Les données obtenues in vivo indiquent que le millepertuis (Hypericum perforatum) peut induire le système enzymatique du cytochrome P450 3A4. Il est théoriquement possible que l’administration simultanée de millepertuis puisse diminuer les taux plasmatiques de sulfate de morphine et que ces taux puissent s’accroître à nouveau lorsque la prise de millepertuis est interrompue.

Les données obtenues in vitro indiquent que la présence d’alcool dans le tractus gastro-intestinal accélère la libération de morphine à partir des granulés à effet retard qui se trouvent dans les capsules (cf. «Mises en garde et précautions»).

Grossesse, Allaitement

Grossesse

La morphine passe la barrière placentaire. Les expériences sur l’animal ont mis en évidence des lésions chez la descendance avec de la morphine administrée à haute dose (voir «Données précliniques»). On ne dispose pas de données suffisantes chez l'être humain qui permettraient d'évaluer de manière concluante un risque tératogène possible. Chez l’être humain, il existe une possible association avec une prévalence accrue de hernies inguinales.

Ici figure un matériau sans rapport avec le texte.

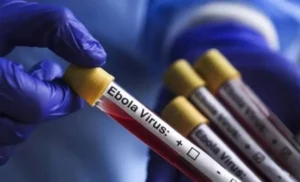 ebola virus - anadolu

Lorsque la morphine est administrée avant ou pendant l’accouchement, elle peut en outre inhiber la capacité contractile de l’utérus et raccourcir les contractions par une dilatation accrue du col de l’utérus. Comme la morphine passe la barrière placentaire, elle peut conduire à une dépression respiratoire chez le nouveau-né. Les nouveau-nés, dont les mères ont été traitées avec des analgésiques opiacés pendant l’accouchement, doivent être surveillés fréquemment pour des signes de dépression respiratoire. Les nouveau-nés, dont les mères ont été traitées avec des analgésiques opiacés pendant la grossesse, doivent être surveillés sur les signes de syndrome de sevrage néonatal (syndrome d’abstinence). Le traitement peut inclure l’administration d’un opiacé et d’un traitement de soutien.

Par conséquent, Kapanol ne doit être utilisé pendant la grossesse que lorsque le bénéfice pour la mère est clairement supérieur au risque pour l'enfant. En raison des effets toxiques potentiels de la morphine sur la reproduction chez l'être humain, cette dernière ne doit être administrée à des femmes et des hommes en âge de procréer et de porter des enfants que si une contraception efficace est garantie.

Traitement de substitution en cas de dépendance aux opioïdes

Lors de l'instauration d'un traitement de substitution pendant la grossesse, les recommandations de la Société Suisse de Médecine de l'Addiction doivent être respectées. Une adaptation de la dose de Kapanol peut être nécessaire afin d'éviter l'apparition de symptômes de sevrage chez la femme enceinte et de conserver un taux plasmatique de morphine aussi stable que possible.

Allaitement

La morphine passe dans le lait maternel dans des concentrations supérieures à celles pouvant être atteintes dans le plasma de la mère. Des concentrations plasmatiques efficaces de morphine pouvant être atteintes chez le nourrisson, il convient d'évaluer très soigneusement le rapport bénéfice-risque du traitement par Kapanol pendant l'allaitement.

Fertilité

On ne dispose pas de données suffisantes permettant d’évaluer le risque potentiel de la morphine sur la fertilité humaine. Un lien entre la prise d’opiacés et une influence négative sur des paramètres de la fertili(notamment des dommages à la chromatine) ne peut toutefois pas être exclu. Il ressort des études effectuées chez l’animal que la morphine peut réduire la fertilité (voir «Données précliniques»).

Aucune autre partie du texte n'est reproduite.